The lifetime capital gains exemption (LCGE) is one of the key tax planning advantages available to small business owners, farmers, and fishers. In 2021, it can exempt from tax up to $892,218 of capital gains realized on the sale of shares of a qualified small business corporation and up to $1 million of capital gains realized on the sale of shares of a family farm or fishing corporation. Until recently, existing legislation made it difficult for children to use a corporation to buy shares of a small business, family farm, or fishing corporation from their parents, when their parents wanted to claim the LCGE on the sale of those shares. A private member’s bill was introduced in Parliament last year proposing amendments to the Income Tax Act to alleviate these difficulties. Private member’s bills rarely make it through the legislative process. However, on June 29, 2021, Bill C-208 received Royal Assent, making it the law (but see cautionary note below).
Prior to the amendments contained in Bill C-208, if a child wished to utilize a corporation to acquire shares from their parents, doing so essentially prevented the parent from utilizing their LCGE. This was viewed as an unfair restriction, as almost all business sales between unrelated parties are made through a purchaser corporation. Using a corporation to facilitate the purchase of a business significantly reduces the financing costs of the purchaser, as payments are made with after-tax corporate dollars, thereby avoiding or deferring the personal level of tax. If parents wanted to utilize the LCGE, their child was forced to acquire the shares personally, increasing the after-tax cost of the purchase. Before the amendments, when a child did use a corporation to purchase shares, if there had been any use of the LCGE to shelter a gain on the shares, past or present, subsection 84.1 of the Income Tax Act, would tax the parents on the portion of the gain sheltered with the LCGE as a taxable dividend.
The amendments attempt to level the playing field and to alleviate this problem by allowing a sale to non-arm’s length purchasers (i.e. from parent to child) of the shares to result in a capital gain and the ability to use the capital gains exemption to reduce the income tax.

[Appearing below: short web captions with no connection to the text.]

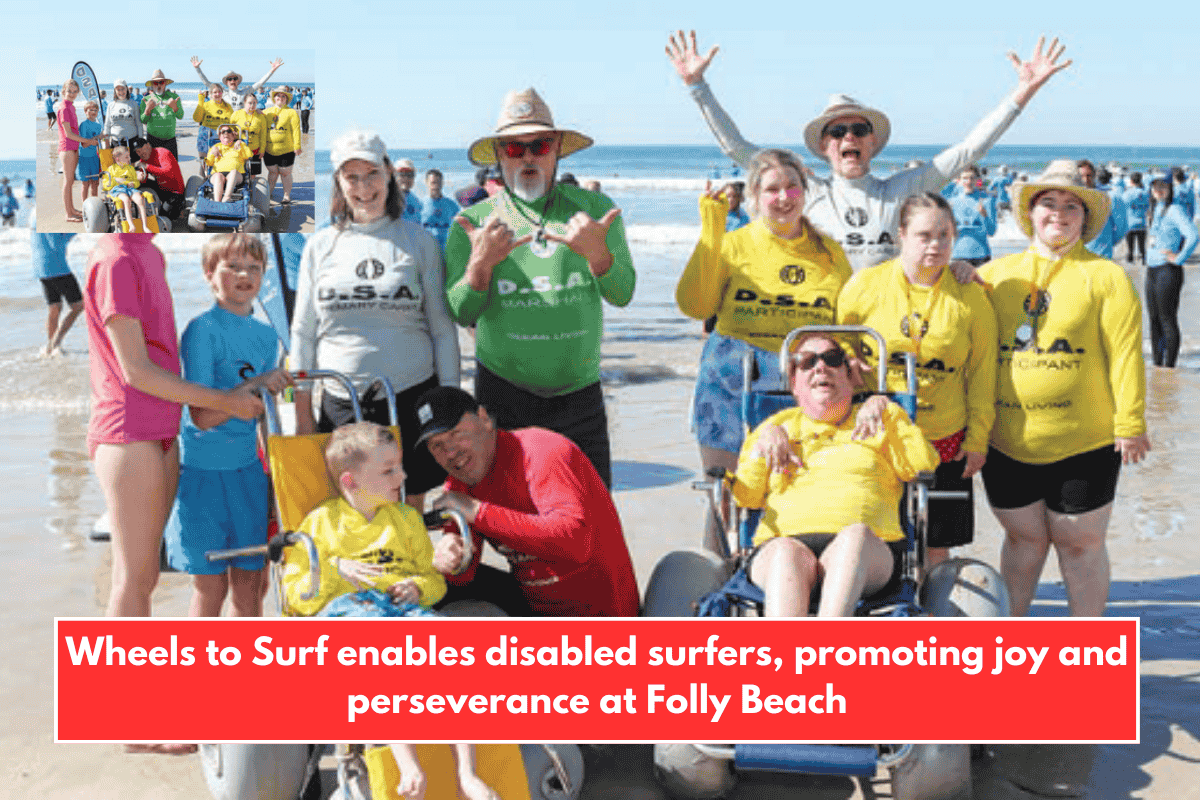 Wheels to Surf enables disabled surfers, promoting joy and perseverance at Folly Beach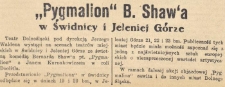 „Pygmalion“ B. Shaw‘a w Świdnicy i Jeleniej Górze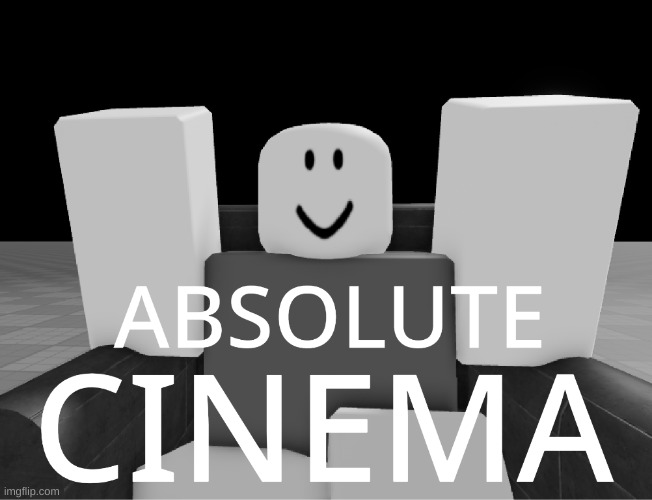 absolute cinema | image tagged in absolute cinema | made w/ Imgflip meme maker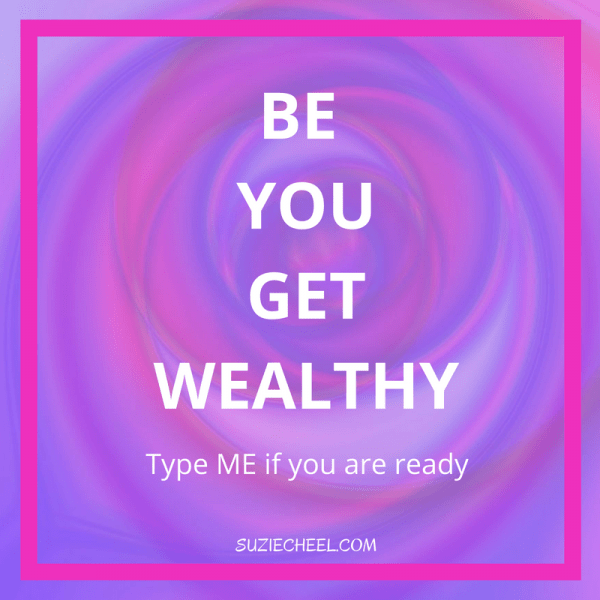 be you and get wealthy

Additionally, Bill C-208 also enacts legislation that deems siblings to be considered non-arm’s length with respect to certain transactions. The intent of this change is to it make it easier to split corporations held by siblings on a tax deferred basis.
A note of caution:
On July 19, 2021, Deputy Prime Minister and Minister of Finance, Chrystia Freeland affirmed that private member’s Bill C-208, which received royal assent on June 29, 2021, is law and is now in effect. However, she also confirmed it is the government’s intention to bring forward amendments to this new legislation to ensure that the law facilitates genuine intergenerational share transfers, but also safeguards against any unintended tax avoidance loopholes that may have been created by the bill (e.g. surplus stripping transactions). The amendments will address certain issues, including:
- the requirement to transfer legal and factual control of the corporation carrying on the business from the parent to their child or grandchild, and the level of ownership in the corporation that the parent can maintain for a reasonable time after the transfer
- the requirements and timeline for the parent to transition their involvement in the business to the next generation, and that generation’s level of involvement after the transfer
The draft legislative amendments will be subject to consultation, and the final amendments will be introduced in a parliamentary bill that will apply the later of November 1, 2021 or the date of publication of the final draft legislation.